The same dynamic is playing out with supercomputers. In this field there is a great value placed in being #1. For this reason we are quite willing to build virtually unusable computers created solely for the purpose of being the fastest using the standard. The standard is the Linpack benchmark, basically the LU decomposition of a dense system of linear equations. As a measure of scientific computing performance this benchmark should have lost all relevance decades ago, yet it lives on shaping supercomputers and driving decisions.
It all revolves around having a supercomputer that is defined as fast being a luxury item of great value. The damage done by this state of affairs is tremendous although it remains unremunerated because most of the damage is tied up in the alternatives not explored because of the pursuit of this luxury item. The irony is that computer speed was valued because of a computers utility as a problem-solving tool. Ironically we have taken these marvelous tools and rendered them less useful to make them faster. We have taken a tool and created a fetish. It isn’t so amazing or awful because people do this so often. A gun or car or any of the luxury items mentioned about is a similar fetish. The awful part is the lack of recognition that this is what we’ve done!
No human endeavour can ever be wholly good… it must always have a cost.

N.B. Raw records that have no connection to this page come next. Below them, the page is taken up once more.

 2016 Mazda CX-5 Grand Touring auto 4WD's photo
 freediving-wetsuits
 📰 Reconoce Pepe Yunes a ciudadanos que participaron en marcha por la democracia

The other side of the dynamic is also in evidence when the value of something is gained without paying the true cost. A chief example is the acquisition and use of natural resources. The long-term costs of mining are often not carried by those who gained profit through the acquisition of a mineral, but pay nothing for the environmental carnage unleashed. These costs are seemingly hidden because they only manifest themselves downstream although a rational examination of the situation would have yielded a determination of the costs up front.
But nothing’s really free, is it? People always make you pay one way or another.
Opportunity cost is similar. The cost of doing one thing over another is not readily evident. The reality is that we don’t know the outcome of roads not taken, but we can reasonably assess it. In the scientific world, the balance between basic and applied research can define this. Applied research can be viewed as short-term profit taking whereas basic research can be viewed as the long-term, high-risk investments.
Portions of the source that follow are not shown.